- Exercise instructions:
Please state how many lines of the data below contain the word "Floral", offering nothing besides the number.

*** Material for this task Section Begins ***

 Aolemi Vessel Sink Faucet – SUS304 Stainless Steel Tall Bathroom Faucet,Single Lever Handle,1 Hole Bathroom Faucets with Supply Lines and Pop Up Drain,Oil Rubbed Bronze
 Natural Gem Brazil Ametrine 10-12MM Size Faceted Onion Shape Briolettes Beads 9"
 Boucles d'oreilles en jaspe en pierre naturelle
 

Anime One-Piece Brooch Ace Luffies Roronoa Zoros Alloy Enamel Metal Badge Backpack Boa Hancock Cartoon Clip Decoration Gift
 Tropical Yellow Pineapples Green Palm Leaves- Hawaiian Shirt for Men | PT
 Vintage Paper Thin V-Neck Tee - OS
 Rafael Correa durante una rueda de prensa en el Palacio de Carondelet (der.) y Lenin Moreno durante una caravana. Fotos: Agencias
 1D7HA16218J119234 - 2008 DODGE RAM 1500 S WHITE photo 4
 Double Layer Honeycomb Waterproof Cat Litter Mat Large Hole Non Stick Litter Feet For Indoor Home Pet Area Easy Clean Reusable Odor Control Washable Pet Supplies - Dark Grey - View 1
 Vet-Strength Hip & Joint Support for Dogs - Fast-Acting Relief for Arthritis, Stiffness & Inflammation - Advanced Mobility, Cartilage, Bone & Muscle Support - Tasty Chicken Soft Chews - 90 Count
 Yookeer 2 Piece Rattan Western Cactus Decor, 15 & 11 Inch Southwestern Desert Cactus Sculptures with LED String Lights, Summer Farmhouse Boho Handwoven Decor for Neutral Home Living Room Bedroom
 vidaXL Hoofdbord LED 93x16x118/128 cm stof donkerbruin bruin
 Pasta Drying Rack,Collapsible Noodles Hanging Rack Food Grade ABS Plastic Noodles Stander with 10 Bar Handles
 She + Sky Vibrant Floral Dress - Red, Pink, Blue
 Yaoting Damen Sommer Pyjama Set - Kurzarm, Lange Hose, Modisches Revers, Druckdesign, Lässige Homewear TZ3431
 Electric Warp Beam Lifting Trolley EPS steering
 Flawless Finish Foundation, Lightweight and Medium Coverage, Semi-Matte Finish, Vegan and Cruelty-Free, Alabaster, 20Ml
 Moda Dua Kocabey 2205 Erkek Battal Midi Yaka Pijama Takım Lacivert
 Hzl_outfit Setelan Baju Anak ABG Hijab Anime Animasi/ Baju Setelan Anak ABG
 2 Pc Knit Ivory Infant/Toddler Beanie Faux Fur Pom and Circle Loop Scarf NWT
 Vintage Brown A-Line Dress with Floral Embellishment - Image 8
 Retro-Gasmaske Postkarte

*** Material for this task Section Ends ***

- Solution for this exercise:
2